The clinical relevance of the luminal vs non-luminal distinction within cHER2+ breast cancer is not new. Two studies have shown that hormone receptor status determined by IHC identifies two main groups of cHER2+ tumors with different survival outcomes (38,39). In the 4-year follow-up of the N9831 and National Surgical Adjuvant Breast and Bowel Project B-31 adjuvant trials of trastuzumab in HER2+ disease (n = 4045), hormone receptor-positive disease was found statistically significantly associated with approximately 40% increased disease-free survival and overall survival, compared to hormone receptor-negative disease (38). This association of hormone receptor status with survival was found to be independent of the main clinical-pathological variables, including trastuzumab administration (38). Similar data was observed in a prospective cohort study of 3394 patients with stage I to III cHER2+ breast cancer from National Comprehensive Cancer Network centers (39). In both studies, hormone receptor-negative disease experienced more cancer relapse in the first 5 years than hormone receptor-positive (38,39). Interestingly, patients with hormone receptor-negative tumors were less likely to experience first recurrence in bone and more likely to recur in brain, compared to patients with hormone receptor-positive tumors (39).
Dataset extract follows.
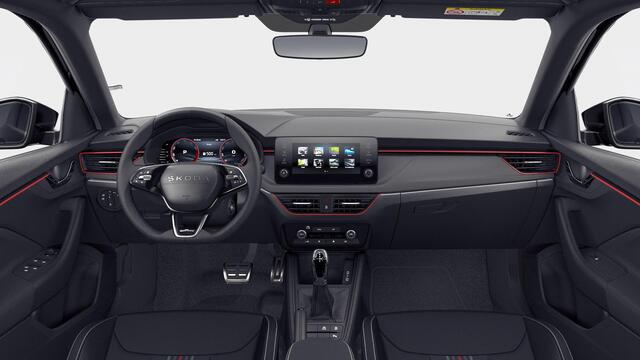 Skoda SCALA Monte Carlo 1.0 TSI 115 pk 7 versn. DSG | Travel assist plus | Winter pakket | 18 inch lichtmetalen velgen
Hormone receptor status in cHER2+ breast cancer is also predictive of pathological complete response (pCR) after neoadjuvant anti-HER2 therapy in combination with chemotherapy across multiple clinical trials (10,40-43). In Neoadjuvant Lapatinib and/or Trastuzumab Treatment Optimisation (NeoALTTO), the pCR rates after paclitaxel in combination with one of the three anti-HER2 regimens (lapatinib, trastuzumab, and lapatinib combined with trastuzumab) were higher in hormone receptor-negative disease compared to hormone receptor-positive disease (42). Although not statistically significant, similar response data has been reported in the Cancer and Leukemia Group B (CALGB) 40601 neoadjuvant trial, which has a similar design to NeoALTTO (42,44). Interestingly, PAM50 data in a subset of samples of the CALGB40601 trial (n = 160) identified all the intrinsic subtypes within HER2+ disease and global pCR rates as 75%, 36%, 35%, and 29% in the HER2E, Basal-like, Luminal A, and Luminal B subtypes, respectively (44). Similar results with the PAM50 predictor were observed in patients with cHER2+ disease treated with neoadjuvant trastuzumab and anthracycline/taxane-based chemotherapy in the neoadjuvant trastuzumab in locally advanced breast cancer trial (45). Overall, these data suggest that within cHER2+ tumors, the HER2E subtype benefits the most from anti-HER2-based chemotherapy.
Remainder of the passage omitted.